- Release poster
- Directed by: Hafsteinn Gunnar Sigurðsson
- Written by: Hafsteinn Gunnar Sigurðsson; Halldór Laxness Halldórsson; Tobias Munthe;
- Produced by: Grimar Jonsson
- Starring: Timothy Spall; Lydia Leonard;
- Cinematography: Niels Thastrum
- Edited by: Kristján Loðmfjörð
- Music by: Daníel Bjarnason
- Production companies: Netop Films; Good Chaos; One Two Films;
- Distributed by: Netflix (United Kingdom)
- Release dates: 12 March 2023 (SXSW); 12 February 2024 (United Kingdom);
- Running time: 97 minutes
- Countries: Iceland; Germany; United Kingdom;
- Language: English

= Northern Comfort (2023 film) =

Film by Hafsteinn Gunnar Sigurðsson

Northern Comfort (also released as Zone(s) de Turbulence) is a 2023 comedy film directed by Hafsteinn Gunnar Sigurðsson in his English language debut. Co-written by the director with Halldór Laxness Halldórsson and Tobias Munthe, the film stars Timothy Spall and Lydia Leonard.
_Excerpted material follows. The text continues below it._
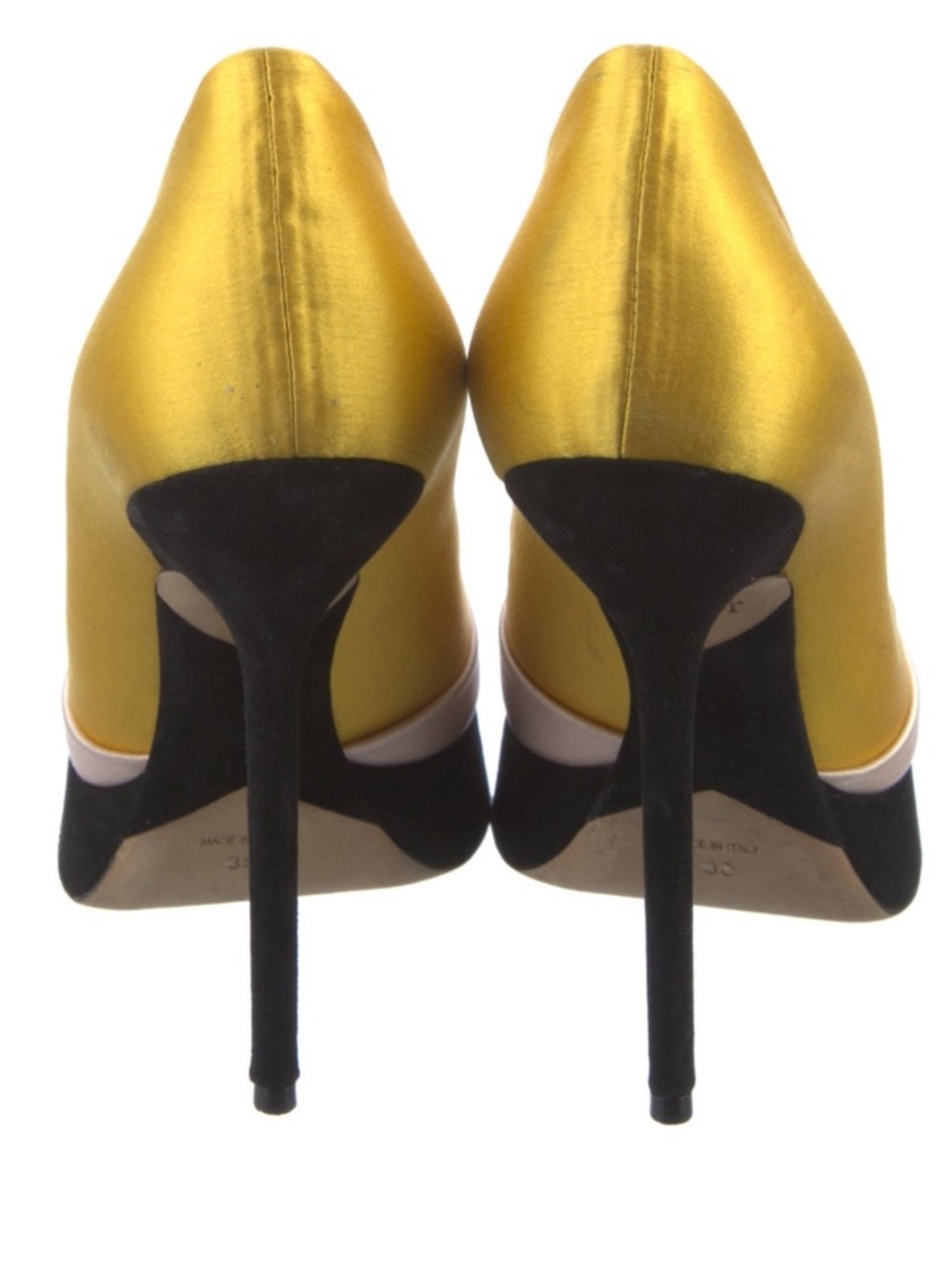 Dior Tricolor Satin Platform Pumps in Yellow, White, & Black - Picture 5 of 6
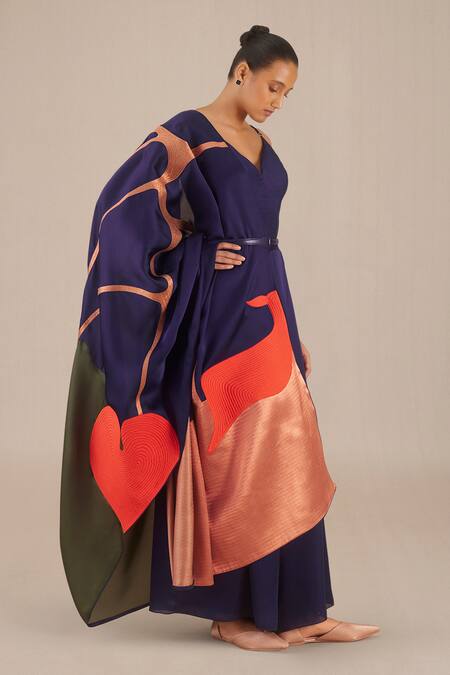 Shop Ampm Purple Organza Embroidery V-neck Deep Anarkali Set Online at Aza Fashions Shop_Ampm_Purple Organza Embroidery V-neck Deep Anarkali Set_Online_at_Aza_Fashions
It had its world premiere at South by Southwest in March 2023.

==Premise==
A group of people, all suffering from fear of flying, are attending a course meant to deal with this fear. The final step of the course involves going on a "test" flight and they are left stranded in Iceland after a turbulent flight there (possibly also because of a partial engine failure on their airplane). The return flight has initially nine hours delay, so they are sent to stay in a luxurious hotel, with its own spa. With a massive storm approaching, which might cancel all flights out of Iceland, the course-takers are each trying their best to deal with their own demons.

==Cast==
- Timothy Spall as Edward
- Lydia Leonard as Sarah
- Ella Rumpf as Coco
- Sverrir Gudnason as Alphons
- Simon Manyonda as Charles
- Björn Hlynur Haraldsson as Dries
- Rob Delaney as Ralph
- Emun Elliott as Tom
- Gina Bramhill as Liz

==Production==
Sigurdsson told Deadline Hollywood that he was inspired to write the film about participants on a fear of flying course after he "heard about these courses because there was someone close to me that had this problem. I found it quite fascinating and wanted to use it as a vehicle or metaphor to make a film kind of an existential comedy about big themes, like fear and death and life". Sigurdsson wrote the screenplay with Halldor Laxness Halldorsson and Tobias Munthe. Producers are Grimar Jonsson via Netop Films, with Mike Goodridge of Good Chaos and Sol Bondy and Fred Burle of One Two Films as co-producers. Principal photography took place from January to March 2022. Filming locations included Mývatn, Reykjavík, the United Kingdom and France.

==Release==
Charades handled world sales with Film4 taking the United Kingdom free TV rights, and Scanbox having pre-bought Nordic rights. Northern Comfort had its premiere at 2023 South by Southwest Film & TV Festival in Austin, Texas on 12 March 2023. The film will be available on Scanbox in Scandinavia, Weltkino in Germany and Netflix in the United Kingdom on 12 February 2024.

==Reception==
Alissa Simon of Variety wrote that "Sigurðsson shows that he has the chops to work internationally should he choose to", and praised cinematographer Niels Thastum's use of “tight framing to up the claustrophobia quotient of the film's many enclosed spaces" that "should look fine on screens both big and small", adding that composer Daníel Bjarnason's "peppy score captures the characters' tension and fears".